In some ways, I don’t think we’ll ever go “back to normal.” I think “this whole thing” will be like the Great Depression was for my parents’ generation, which affected them throughout the rest of their lives (they never stopped being frugal, and they taught me never to be in debt). Kids will roll their eyes, “Oh, there’s grandpa talking about that nasty, germy pandemic again.”
I think you may be right.
66? Magical? In what way? I ask as our local bus service here is the 66 into town, so I’m curious. (In the curious way that in a venn diagram of ‘ologies’, numerology neatly fits within bollocksology entirely.) Apart from that, how’s the Hohner? Play much? You shouldn’t start just because of the global pandemic. That’s a really poor excuse to play guitar. Play guitar because it’s damn cool and the chicks love it (sorry if my good lady wife is reading this, but ya know, I was cool back in the day when I had long hair and a Gibson Les Paul strapped to my chest).
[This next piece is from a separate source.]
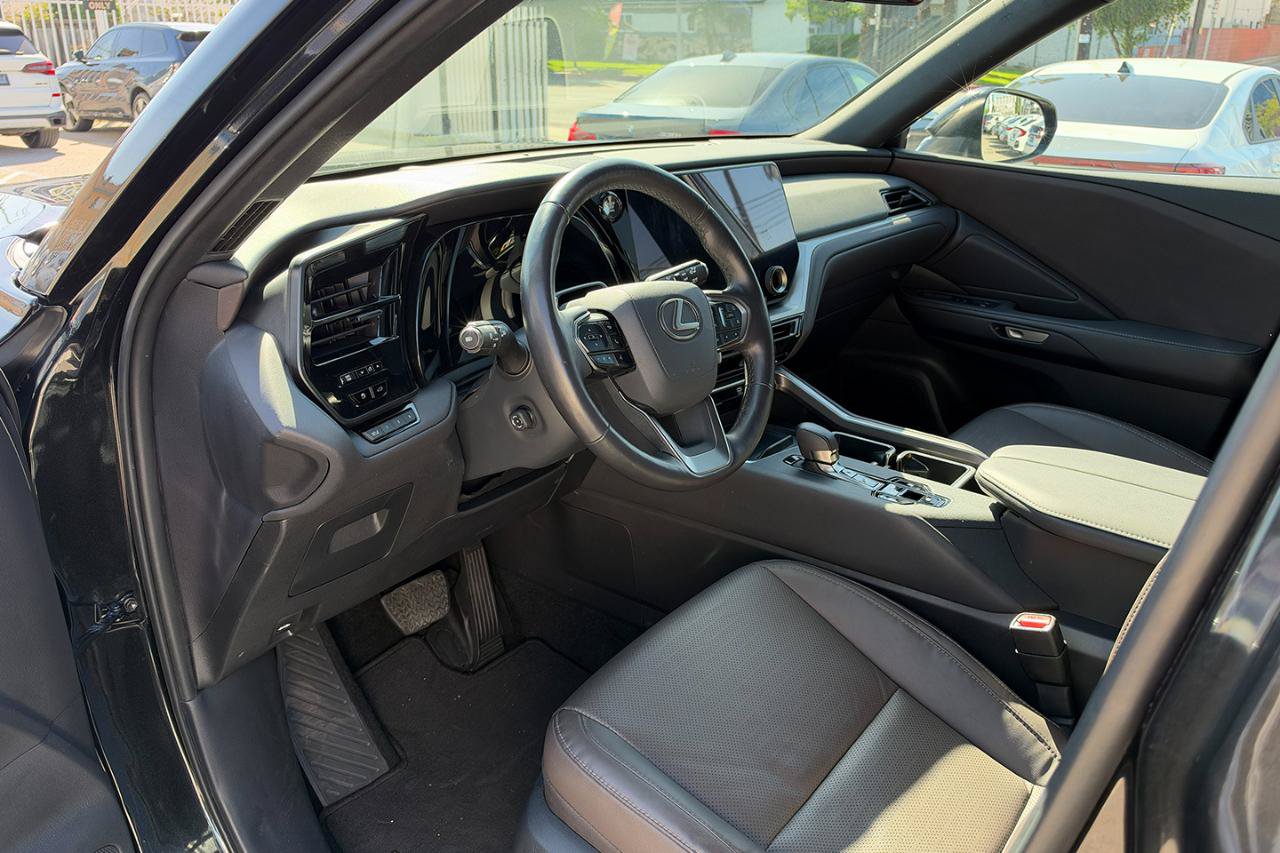 Used 2025 Lexus TX 350 FWD w/ Technology Package image 15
By that metric, of course, you should also take up smoking but that’s a really bad idea. Just on the guitar though; hot tip: get a capo and stick it on the second fret. Makes your guitar easier to play. You can even tune the strings down a full tone, and then the capo on 2 brings it all back up to concert pitch.
I hope Tina is right. I hope we don’t go back to normal. But sadly I think we will. I guess two simple barometers of this will be the US elections in November, and how the UK deals with Covid and Brexit. But if I see an app on the appstore about ‘how to recalibrate your life after the virus’ then I know we are all doomed. Doomed, I tells ya!
Keep sketching anyway. Your street view sketch project deserves to be a best-seller.
Mystical, not magical. I’ve got up to number 21 already and am on my way to Bristol. It looks nice there, I’ve never been.
Has its moments. Suspension bridge a must, and the docks.